Además de todo lo dicho, Selaya es conocida por elaborar de forma magistral uno de los dulces cántabros por excelencia: los famosos sobaos pasiegos. Algunos los siguen fabricando en horno de leña, a la antigua usanza.

Ontaneda

En el margen izquierdo del río Pas encontraréis este pequeño pueblo que muchos han conocido montados sobre una bici. La razón es que cuenta con una ruta verde bautizada como ruta del ferrocarril de Ontaneda en el valle de Toranzo, un agradable paseo de 13 kilómetros que sigue el trazado de una línea ferroviaria abandonada que nace en el parque de Alceda. Entre las construcciones más emblemáticas de Ontaneda está la iglesia de San Juan Bautista, de estilo neogótico. También podéis daros un buen paseo por los alrededores, completamente verdes durante todo el año.

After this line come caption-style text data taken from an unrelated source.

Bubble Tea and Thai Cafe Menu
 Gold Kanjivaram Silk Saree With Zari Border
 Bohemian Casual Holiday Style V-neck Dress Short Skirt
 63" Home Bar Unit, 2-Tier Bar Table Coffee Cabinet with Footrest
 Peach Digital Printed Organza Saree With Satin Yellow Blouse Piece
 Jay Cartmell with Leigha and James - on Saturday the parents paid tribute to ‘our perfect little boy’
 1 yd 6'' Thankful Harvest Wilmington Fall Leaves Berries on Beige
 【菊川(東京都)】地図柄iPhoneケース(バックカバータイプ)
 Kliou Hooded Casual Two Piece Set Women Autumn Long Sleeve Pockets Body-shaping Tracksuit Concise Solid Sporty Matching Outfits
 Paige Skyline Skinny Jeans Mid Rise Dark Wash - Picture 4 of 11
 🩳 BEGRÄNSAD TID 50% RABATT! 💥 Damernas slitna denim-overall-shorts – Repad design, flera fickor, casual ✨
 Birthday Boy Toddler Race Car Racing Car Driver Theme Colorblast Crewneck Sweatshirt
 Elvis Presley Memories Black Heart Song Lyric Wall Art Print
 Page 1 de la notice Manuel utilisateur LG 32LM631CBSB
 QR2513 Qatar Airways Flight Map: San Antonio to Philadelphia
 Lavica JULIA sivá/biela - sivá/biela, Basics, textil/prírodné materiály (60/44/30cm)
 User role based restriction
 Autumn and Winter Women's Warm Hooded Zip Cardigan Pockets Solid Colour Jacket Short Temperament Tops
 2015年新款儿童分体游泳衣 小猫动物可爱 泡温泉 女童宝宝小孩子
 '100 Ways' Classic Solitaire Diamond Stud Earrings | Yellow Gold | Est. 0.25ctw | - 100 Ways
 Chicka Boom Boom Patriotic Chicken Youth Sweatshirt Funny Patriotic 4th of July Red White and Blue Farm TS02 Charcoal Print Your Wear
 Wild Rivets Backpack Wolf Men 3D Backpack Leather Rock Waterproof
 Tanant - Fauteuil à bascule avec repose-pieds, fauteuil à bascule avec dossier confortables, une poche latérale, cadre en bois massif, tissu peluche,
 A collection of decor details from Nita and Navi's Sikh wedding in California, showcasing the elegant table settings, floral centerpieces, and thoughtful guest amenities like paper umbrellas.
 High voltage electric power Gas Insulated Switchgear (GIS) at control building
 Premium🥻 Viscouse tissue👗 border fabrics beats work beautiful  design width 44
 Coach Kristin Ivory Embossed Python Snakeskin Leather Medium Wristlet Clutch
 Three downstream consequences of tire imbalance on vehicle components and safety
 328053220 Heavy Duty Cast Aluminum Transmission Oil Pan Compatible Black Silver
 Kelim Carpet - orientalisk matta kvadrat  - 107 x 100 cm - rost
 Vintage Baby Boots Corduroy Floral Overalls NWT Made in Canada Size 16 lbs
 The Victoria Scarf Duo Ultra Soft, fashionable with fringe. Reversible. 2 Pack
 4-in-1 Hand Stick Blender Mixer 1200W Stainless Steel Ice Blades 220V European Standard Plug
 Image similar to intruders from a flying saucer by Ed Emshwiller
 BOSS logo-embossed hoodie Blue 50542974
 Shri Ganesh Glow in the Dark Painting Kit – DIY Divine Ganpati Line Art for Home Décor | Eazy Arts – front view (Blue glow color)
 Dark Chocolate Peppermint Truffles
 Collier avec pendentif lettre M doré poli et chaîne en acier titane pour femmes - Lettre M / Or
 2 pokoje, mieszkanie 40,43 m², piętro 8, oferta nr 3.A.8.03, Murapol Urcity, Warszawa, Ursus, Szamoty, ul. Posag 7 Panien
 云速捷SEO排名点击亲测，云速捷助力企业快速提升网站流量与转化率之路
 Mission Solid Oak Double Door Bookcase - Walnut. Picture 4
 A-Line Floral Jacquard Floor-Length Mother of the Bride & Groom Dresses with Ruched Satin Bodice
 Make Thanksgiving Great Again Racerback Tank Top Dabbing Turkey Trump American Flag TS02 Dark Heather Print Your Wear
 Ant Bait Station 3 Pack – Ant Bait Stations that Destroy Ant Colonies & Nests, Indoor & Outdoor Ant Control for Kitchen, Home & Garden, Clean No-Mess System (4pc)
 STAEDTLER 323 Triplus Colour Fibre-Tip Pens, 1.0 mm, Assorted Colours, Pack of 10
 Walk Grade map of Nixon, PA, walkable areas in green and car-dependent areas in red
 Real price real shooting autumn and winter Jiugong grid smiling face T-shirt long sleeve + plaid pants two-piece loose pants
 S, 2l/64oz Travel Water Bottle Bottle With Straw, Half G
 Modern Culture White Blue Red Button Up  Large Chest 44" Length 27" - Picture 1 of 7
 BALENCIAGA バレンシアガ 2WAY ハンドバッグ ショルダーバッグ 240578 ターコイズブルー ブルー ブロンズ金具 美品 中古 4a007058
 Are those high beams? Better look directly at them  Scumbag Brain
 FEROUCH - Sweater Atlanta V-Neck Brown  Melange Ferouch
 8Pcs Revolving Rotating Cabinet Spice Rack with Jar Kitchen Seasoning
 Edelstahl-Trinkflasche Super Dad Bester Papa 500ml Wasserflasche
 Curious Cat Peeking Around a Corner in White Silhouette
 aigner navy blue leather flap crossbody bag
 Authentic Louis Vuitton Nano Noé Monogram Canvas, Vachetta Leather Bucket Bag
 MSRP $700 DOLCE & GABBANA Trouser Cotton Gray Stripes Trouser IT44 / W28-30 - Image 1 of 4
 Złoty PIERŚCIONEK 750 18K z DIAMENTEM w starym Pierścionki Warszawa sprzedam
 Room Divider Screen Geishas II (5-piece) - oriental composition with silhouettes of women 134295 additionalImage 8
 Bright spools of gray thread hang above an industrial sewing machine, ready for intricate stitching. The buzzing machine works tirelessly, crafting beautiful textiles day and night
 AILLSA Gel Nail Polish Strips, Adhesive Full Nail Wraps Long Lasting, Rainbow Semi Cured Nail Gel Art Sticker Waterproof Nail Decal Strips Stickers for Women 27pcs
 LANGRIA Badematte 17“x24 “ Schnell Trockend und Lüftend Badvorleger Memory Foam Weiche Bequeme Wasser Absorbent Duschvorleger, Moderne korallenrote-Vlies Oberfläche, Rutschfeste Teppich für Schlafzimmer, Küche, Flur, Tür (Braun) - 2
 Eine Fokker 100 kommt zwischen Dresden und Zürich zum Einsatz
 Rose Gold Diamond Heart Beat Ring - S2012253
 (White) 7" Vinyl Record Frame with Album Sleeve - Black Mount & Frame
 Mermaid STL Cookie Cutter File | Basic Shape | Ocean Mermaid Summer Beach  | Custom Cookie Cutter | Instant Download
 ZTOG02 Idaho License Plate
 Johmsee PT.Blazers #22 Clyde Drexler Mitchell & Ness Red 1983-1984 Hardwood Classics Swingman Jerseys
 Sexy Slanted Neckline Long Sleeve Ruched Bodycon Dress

Pero por lo que el nombre de Ontaneda se ha hecho famoso es por las quesadas pasiegas, que elaboran desde hace más de un siglo en esta localidad con todo el mimo del mundo. Es uno de los postres más típicos del Valle del Pas.

Potes

Uno de los imprescindibles de la lista por varias razones de peso. La primera, que no decepciona a ningún turista. Conocida como la villa de los puentes, que es de donde viene su nombre, el pasado de esta localidad se adivina en sus grandes caserones, algunos de los que construyeron los emigrados que fueron a hacer las Américas y volvieron más desahogados de lo que se habían ido. Si no vais con prisa siempre es buena idea dar una vuelta por el centro del pueblo, que tiene categoría de conjunto histórico y en donde podéis ver la torre del Infantado, del siglo XV.

La segunda razón es que es una de las localidades de Cantabria donde mejor se come, y eso es mucho decir. Además del cocido lebaniego que encontraréis en la mayoría de los restaurantes y de los quesos de la zona, hay que probar sí o sí el orujo de Potes, uno de los secretos mejor guardados del valle que comenzó en los monasterios de la Alta Edad Media y ha llegado hasta nuestros días. De hecho, el segundo fin de semana de noviembre se celebra cada año la Fiesta del Orujo en la que se puede escuchar música tradicional, asistir a antiguos mercados tradicionales y, por supuesto, beber el licor de los dioses.

Vega de Liébana

Muy cerca de Potes se encuentra otro de esos pueblos como de cuento que también pertenece al valle de Liébana y en donde por momentos parece que el tiempo se ha detenido. De hecho, mantienen antiguas tradiciones como los bailes del Pericote o el Trepeletré. ¿Lo mejor? Perderse, literalmente, por sus alrededores, llenos de pequeñas aldeas en donde hay unas vistas de los Picos de Europa que son un auténtico espectáculo.

Para los que quieran ir a lo seguro, el mirador de Llesba, a 1.600 metros, es buena idea. Y por si fuera poco, aquí se come como en el paraíso. Además del cocido y de las setas de Toranzo, hay que llevarse miel de Liébana, denominación de origen protegida desde este mismo año y una auténtica delicia para los golosos.